⟨

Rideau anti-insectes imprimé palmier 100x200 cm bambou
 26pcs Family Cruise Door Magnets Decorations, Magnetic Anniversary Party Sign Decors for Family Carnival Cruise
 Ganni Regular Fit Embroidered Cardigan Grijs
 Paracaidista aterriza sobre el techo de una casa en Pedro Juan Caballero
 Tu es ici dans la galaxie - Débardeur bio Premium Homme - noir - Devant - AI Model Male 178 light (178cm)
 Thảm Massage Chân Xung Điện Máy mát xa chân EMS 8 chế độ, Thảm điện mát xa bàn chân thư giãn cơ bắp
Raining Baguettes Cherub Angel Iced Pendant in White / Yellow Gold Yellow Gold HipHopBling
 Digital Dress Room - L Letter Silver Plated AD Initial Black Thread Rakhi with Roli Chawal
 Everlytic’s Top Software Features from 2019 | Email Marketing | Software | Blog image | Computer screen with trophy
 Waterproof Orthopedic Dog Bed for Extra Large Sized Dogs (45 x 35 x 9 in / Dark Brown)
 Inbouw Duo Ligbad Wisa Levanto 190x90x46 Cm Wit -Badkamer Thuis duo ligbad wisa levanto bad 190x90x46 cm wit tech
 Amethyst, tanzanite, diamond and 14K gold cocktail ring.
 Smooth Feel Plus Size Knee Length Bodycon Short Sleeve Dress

⟩

* Exercise prompt
Return every line of the data above in which "Dress" appears.

* Answer space
 Digital Dress Room - L Letter Silver Plated AD Initial Black Thread Rakhi with Roli Chawal
 Smooth Feel Plus Size Knee Length Bodycon Short Sleeve Dress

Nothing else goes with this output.